Channel Identification: - Channel - The channel name - Direction - The direction (e.g., Inbound, Outbound) - ChannelDirection - Combined Channel/Direction (e.g., “Web/Inbound”) - ChannelDirectionGroup - Standardized channel group with direction (e.g., “Web/Inbound”)

Time and Configuration Fields: - DateRange Min - The minimum date in the summary time range - DateRange Max - The maximum date in the summary time range - Duration - The duration in seconds between the minimum and maximum snapshot times - Configuration - A comma-separated list of model configuration names

Performance Metrics: - Positives - The sum of positive responses across all models in the channel - Responses - The sum of all responses across all models in the channel - Performance - The weighted average performance across all models in the channel (50-100) - CTR - Click-through rate (Positives / Responses) in the channel - isValid - Boolean indicating if the channel has sufficient data (at least 200 positives and 1000 responses)

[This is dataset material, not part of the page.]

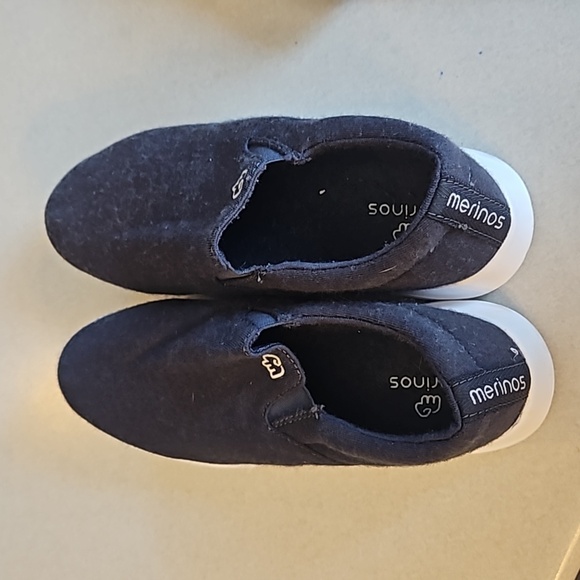 Merinos blue and white slip ons - Picture 8 of 10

Action Statistics: - Actions - The total number of unique actions in the channel - Used Actions - The number of unique actions that have been used (have responses) - New Actions - The number of new actions introduced in the period - Issues - The number of unique issues - Groups - The number of unique issue/group combinations

Treatment Statistics: - Treatments - The total number of unique treatments - Used Treatments - The number of unique treatments

Omnichannel Metrics: - OmniChannel - The overlap of actions with other channels (measure of Omni Channel capability)

Technology Usage Indicators: - usesNBAD - Boolean indicating whether any standard NBAD configurations are used - usesAGB - Boolean indicating whether any Adaptive Generic Boosting (AGB) models are used

Return type:

pl.LazyFrame

summary_by_configuration() → polars.LazyFrame¶

Generates a summary of the ADM model configurations.

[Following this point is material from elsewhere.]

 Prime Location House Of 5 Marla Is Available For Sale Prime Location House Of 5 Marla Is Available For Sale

This method provides an overview of model configurations, including information about the number of models, actions, treatments, and performance metrics.

Returns:

A Polars LazyFrame containing the configuration summary with the following fields:

Configuration Information: - Configuration - The name of the model configuration - Channel - The channel name (if available in context keys) - Direction - The direction (if available in context keys)

Model Information: - ModelID - The number of unique model IDs for this configuration

Action Statistics: - Actions - The number of unique actions in this configuration - Unique Treatments - The number of unique treatments (if available) - Used for (Issues) - A comma-separated list of issues this configuration is used for (if available)

Performance Metrics: - ResponseCount - The total number of responses for this configuration - Positives - The total number of positive responses for this configuration - ModelsPerAction - The ratio of models to actions (models per action) - Performance - The weighted average model performance

Return type:

pl.LazyFrame

predictors_global_overview() → polars.LazyFrame¶

Generate a global overview of all predictors across all models.

This method provides a summary of predictor performance and characteristics across all models, including the number of responses, positives, and performance metrics.

Returns:

A Polars LazyFrame containing the global predictor overview with the following fields:

PredictorName - The name of the predictor
Response Count Min/Max - The total number of responses for this predictor
Positives - The total number of positive responses for this predictor
Min, Mean, Median, Max - The min, mean, median and max performance of the predictor (AUC)

Return type:

pl.LazyFrame

predictors_overview(model_id: str | None = None, additional_aggregations: list | None = None) → polars.LazyFrame | None¶

Generate a summary of the last snapshot of predictor data.

This method provides an overview of predictor performance and characteristics from the most recent snapshot, either for all models or for a specific model.

Parameters:

model_id (Optional[str], optional) – If provided, filters the data to include only predictors for the specified model ID. If None (default), includes predictors for all models.
additional_aggregations (Optional[list], optional) – Additional aggregation expressions to include in the result. These will be added to the default aggregations.

Returns:

A Polars LazyFrame containing the predictor summary with the following fields:

Identification: - ModelID - The model ID (only if model_id parameter is None) - PredictorName - The name of the predictor

Status and Type: - EntryType - The entry type (Active, Inactive, etc.) - isActive - Boolean indicating if the predictor is active - Type - The predictor type - GroupIndex - The group index of the predictor

Performance Metrics: - Responses - The number of responses for this predictor - Positives - The number of positive responses for this predictor - Univariate Performance - The univariate performance of the predictor (AUC)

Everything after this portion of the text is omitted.